Execs Make Better Decisions With Help of Peer Groups

When you have a problem, I mean a really big problem, whom do you turn to for help? Where do you go to get sound, objective advice from someone who has your best interests at heart and is safe to talk to?

Most executives have no one they can turn to for help, advice or an objective opinion.

We all want to share our knowledge and expertise with others, particularly those who would appreciate our own brilliance the most … our peers. It is not a competition, just the opportunity to share information and experiences, and to benefit from the collective knowledge of others.

People who have risen to the top of their profession are often seen as experts; as having the answers the rest of us are looking for. Truth is, we all need a bit of help now and again, support from a safe resource, someone to make us take a step back and look at our situation with a more objective eye, someone to help us make better decisions. That is why being part of a peer resource group, or executive action group, or EAG, as we call them, can be so powerful.

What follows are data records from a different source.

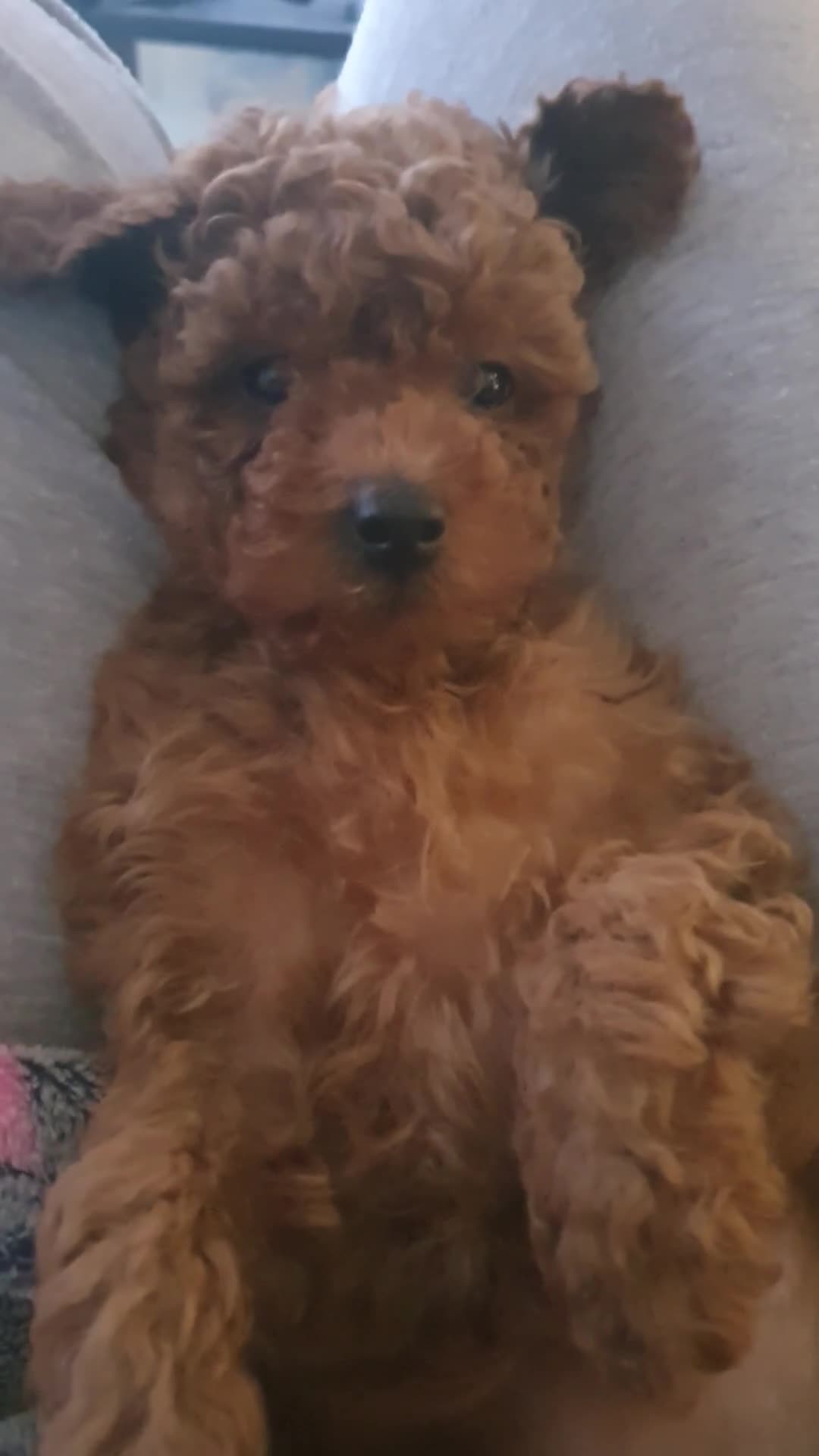 Toy Poodle dogs for sale: STUNNING KC REGISTED TOY POODLE BOY - Video 1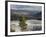 Common Raven, Mammoth Hot Springs, Yellowstone National Park, Wyoming, USA-Rolf Nussbaumer-Framed Photographic Print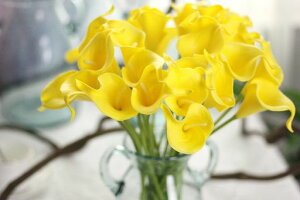 Ԍ͂ȂԃI_JCEcallylilyAW20{ԑp[eB[lXȃCxgCeA(CgCG[)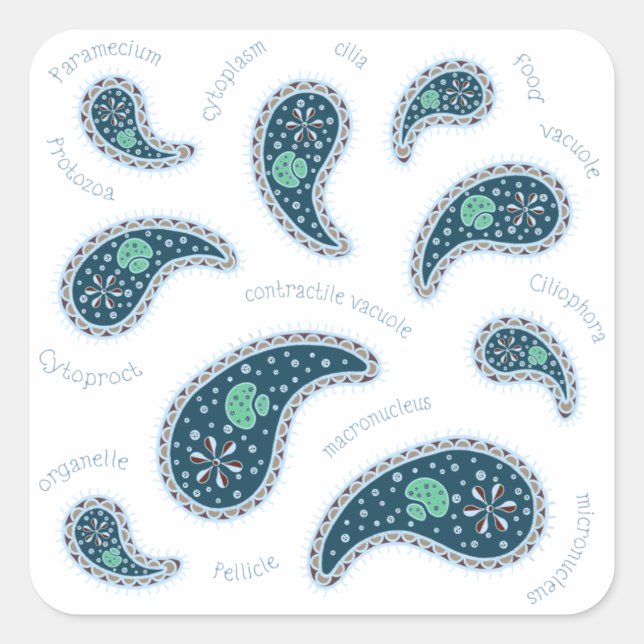 Adesivo Quadrado Paramecia Paisley Biology Science MIcrobe Dark (Frente)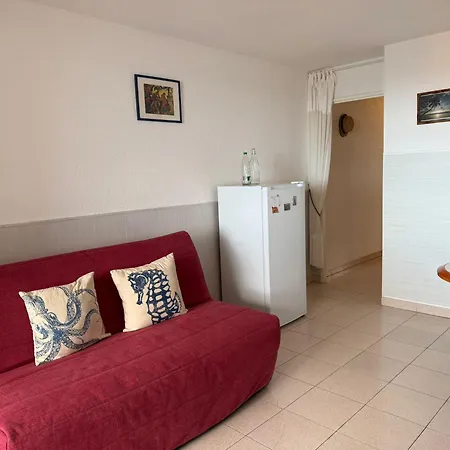 Apartamento T2 Avec Terrasse Et Wifi - Fr-1-309-259 *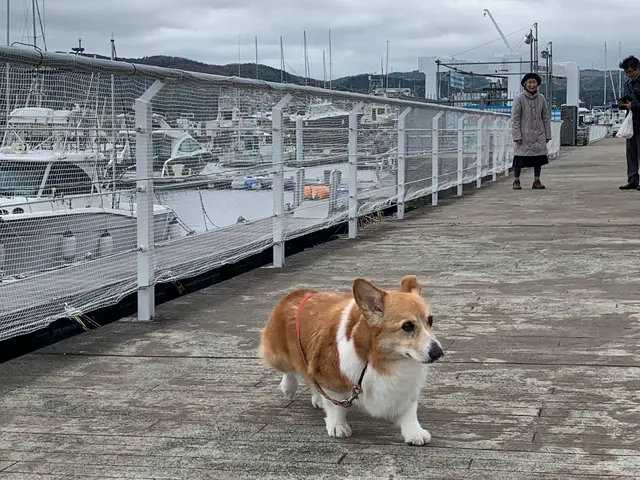 高校時代からの豊富な経験で自然な笑顔を引き出す丁寧な出張撮影サービス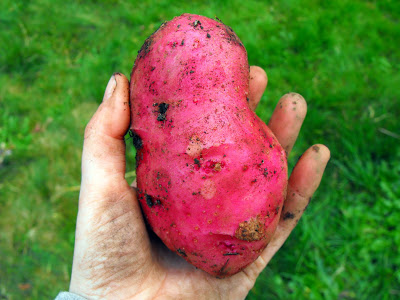 tatertire3.jpg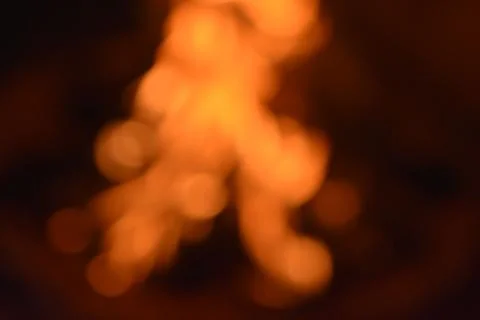 Blur snap of Flem Stock Photos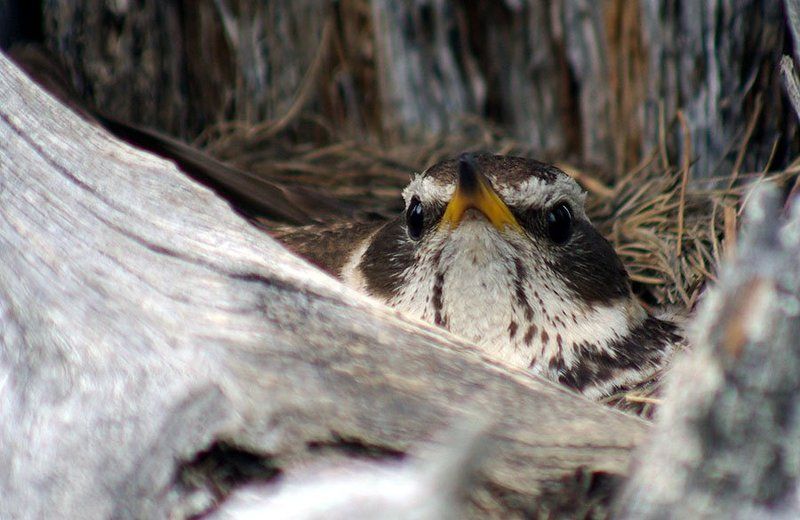 дрозд, гнездо На гнездеphoto preview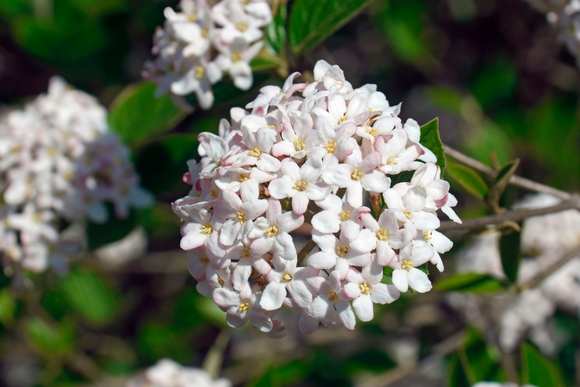 Des Viburnums hauts en parfums et en couleurs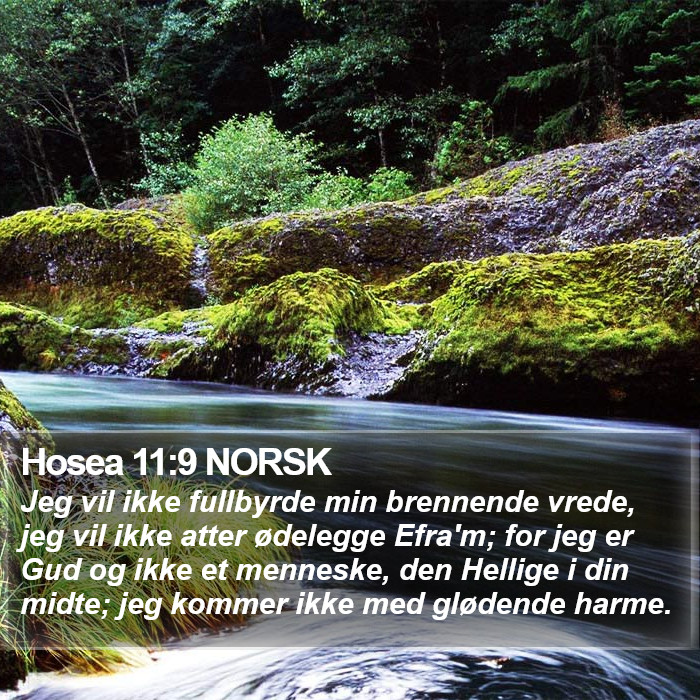 Hosea 11:9 NORSK Bible Study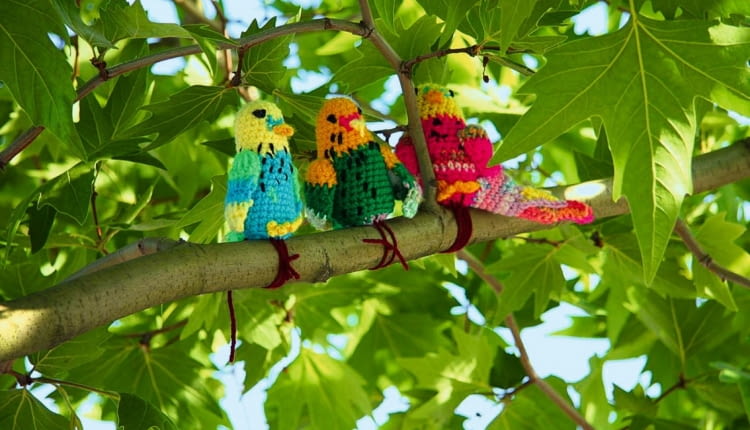 KOLOROWE WŁÓCZKOWE PAPUGI mogą przysiąść na gałęziach drzew również w naszym ogrodzie.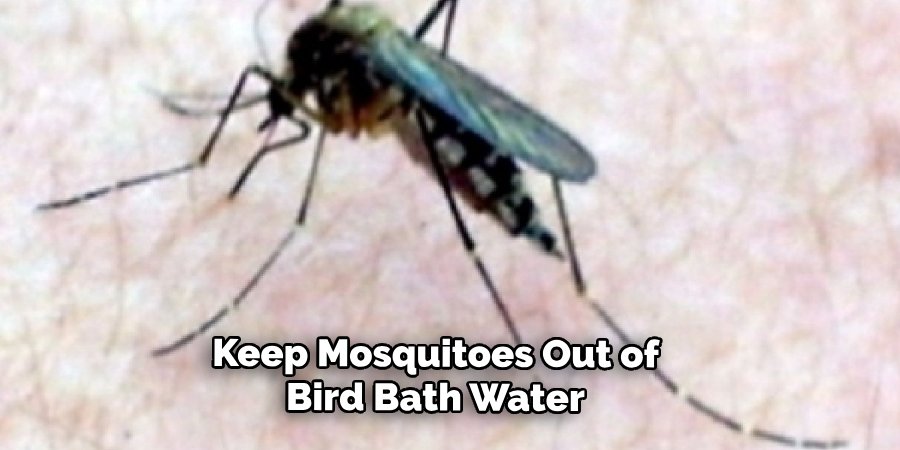 Keep Mosquitoes Out of
Bird Bath Water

There are three basic activities that are regular occurrences in an EAG.

First is the opportunity to benefit from the collective wisdom of others. As part of an EAG, you will be expected to bring with you those issues that will have a material impact on your business, issues of strategic importance. Group members will ask you to explain the problem, they will ask for clarification as necessary, and they will offer answers based on their experiences and knowledge. The value received from this type of analysis and feedback is immeasurable. The opportunity to avoid mistakes made by your peers can, by itself, provide huge cost and time savings.

Second, the opportunity to share your wisdom and experiences with others will help to position you as an expert and one who is willing to help others. Such a perception helps to create credibility and perceived value as well as greater stature amongst your peers.

Third is accessibility to external resources. As individuals, the cost of bringing in outside experts is high, which reduces ROI, or return on investment. By teaming with a group of leaders who have similar needs you can distribute the cost and still receive the same value you would have otherwise paid dearly for — if you had acted at all.

Bottom line: More minds working together are much better than one. A sounding board that has your best interests at heart and provides safe, sound advice cannot be purchased, it must evolve through demonstrated commitment and contribution. If you are fortunate enough to be a part of such a group, consider yourself lucky. If not, you should work toward the creation of one or look to join an existing group.